Material to process START

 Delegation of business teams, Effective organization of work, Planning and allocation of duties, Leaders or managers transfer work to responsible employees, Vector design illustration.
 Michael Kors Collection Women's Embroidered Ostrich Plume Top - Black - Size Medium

Material to process END
Material to process START

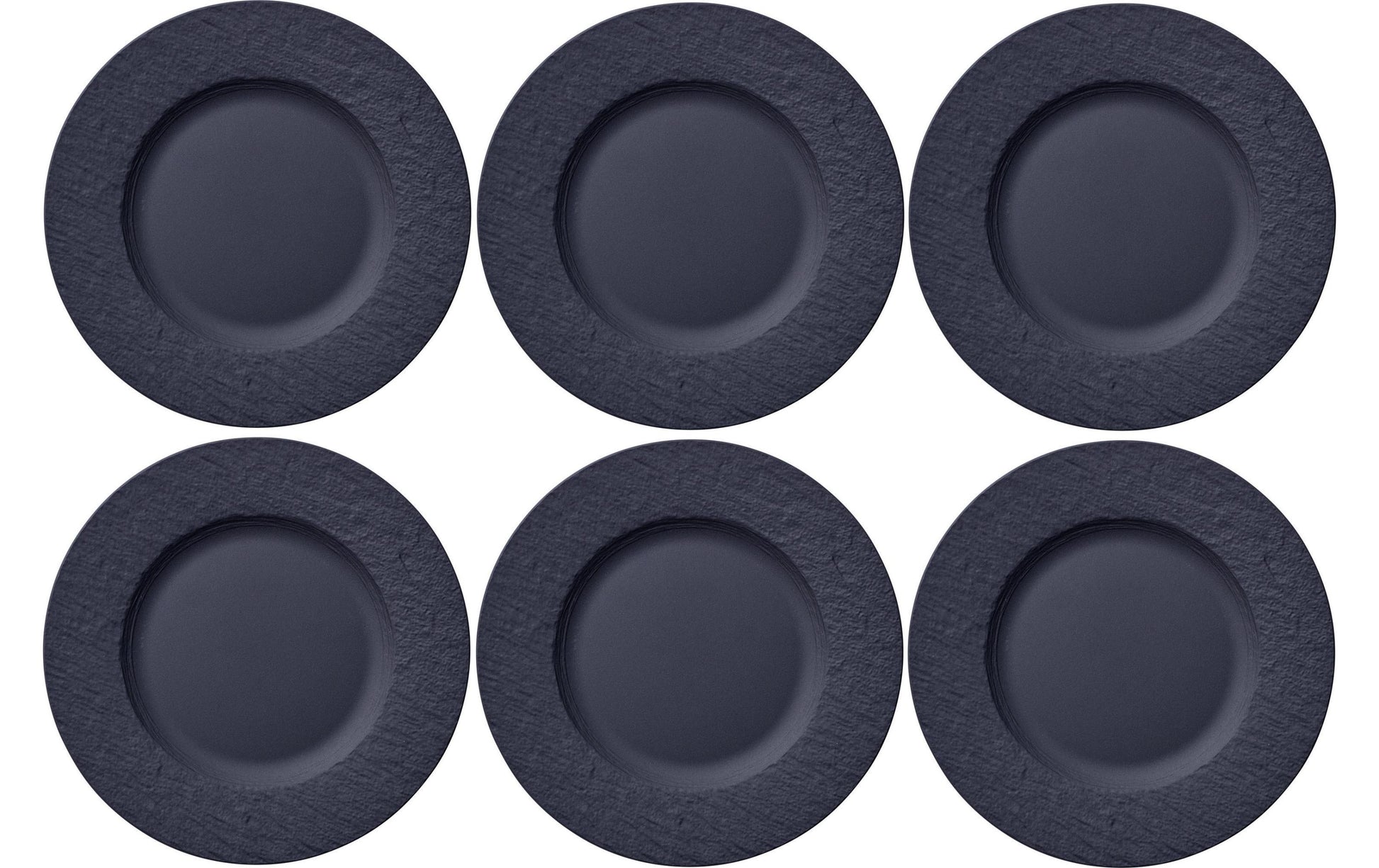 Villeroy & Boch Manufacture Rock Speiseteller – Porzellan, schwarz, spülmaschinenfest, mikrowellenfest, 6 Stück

Material to process END

▶ **Brief**:
Begin with the line above that has "Delegation of business" and continue through the line that has "Michael Kors Collection", setting each one down exactly. Stop there.

▶ **Expected answer**:
 Delegation of business teams, Effective organization of work, Planning and allocation of duties, Leaders or managers transfer work to responsible employees, Vector design illustration.
 Michael Kors Collection Women's Embroidered Ostrich Plume Top - Black - Size Medium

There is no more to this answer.